[DATA FOR THE TASK]:
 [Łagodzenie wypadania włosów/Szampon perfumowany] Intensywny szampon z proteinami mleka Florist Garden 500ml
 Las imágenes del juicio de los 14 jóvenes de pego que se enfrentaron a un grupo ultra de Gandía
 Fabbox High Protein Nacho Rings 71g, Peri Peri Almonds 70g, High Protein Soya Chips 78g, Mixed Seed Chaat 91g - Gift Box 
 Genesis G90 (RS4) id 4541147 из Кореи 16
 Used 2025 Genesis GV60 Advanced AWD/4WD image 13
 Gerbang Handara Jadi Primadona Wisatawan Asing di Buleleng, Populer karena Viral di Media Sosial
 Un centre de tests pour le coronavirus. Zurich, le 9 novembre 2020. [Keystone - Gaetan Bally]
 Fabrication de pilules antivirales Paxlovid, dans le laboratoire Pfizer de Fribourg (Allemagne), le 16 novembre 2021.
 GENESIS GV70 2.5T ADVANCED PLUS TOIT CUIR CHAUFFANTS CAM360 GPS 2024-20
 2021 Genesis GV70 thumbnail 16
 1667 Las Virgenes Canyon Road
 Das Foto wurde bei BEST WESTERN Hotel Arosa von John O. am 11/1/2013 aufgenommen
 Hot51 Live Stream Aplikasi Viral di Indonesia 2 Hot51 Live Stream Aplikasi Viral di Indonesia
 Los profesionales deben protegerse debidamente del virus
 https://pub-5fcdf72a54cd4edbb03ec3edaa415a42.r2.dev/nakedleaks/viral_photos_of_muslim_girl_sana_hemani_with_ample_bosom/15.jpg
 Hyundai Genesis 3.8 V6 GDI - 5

[TASK REQUIREMENTS]:
Only the lines from the one containing "GENESIS GV70 2.5T" through the end of the records above belong in the output, each exactly as it stands, both ends included.

[SOLUTION TO THE PROBLEM]:
 GENESIS GV70 2.5T ADVANCED PLUS TOIT CUIR CHAUFFANTS CAM360 GPS 2024-20
 2021 Genesis GV70 thumbnail 16
 1667 Las Virgenes Canyon Road
 Das Foto wurde bei BEST WESTERN Hotel Arosa von John O. am 11/1/2013 aufgenommen
 Hot51 Live Stream Aplikasi Viral di Indonesia 2 Hot51 Live Stream Aplikasi Viral di Indonesia
 Los profesionales deben protegerse debidamente del virus
 https://pub-5fcdf72a54cd4edbb03ec3edaa415a42.r2.dev/nakedleaks/viral_photos_of_muslim_girl_sana_hemani_with_ample_bosom/15.jpg
 Hyundai Genesis 3.8 V6 GDI - 5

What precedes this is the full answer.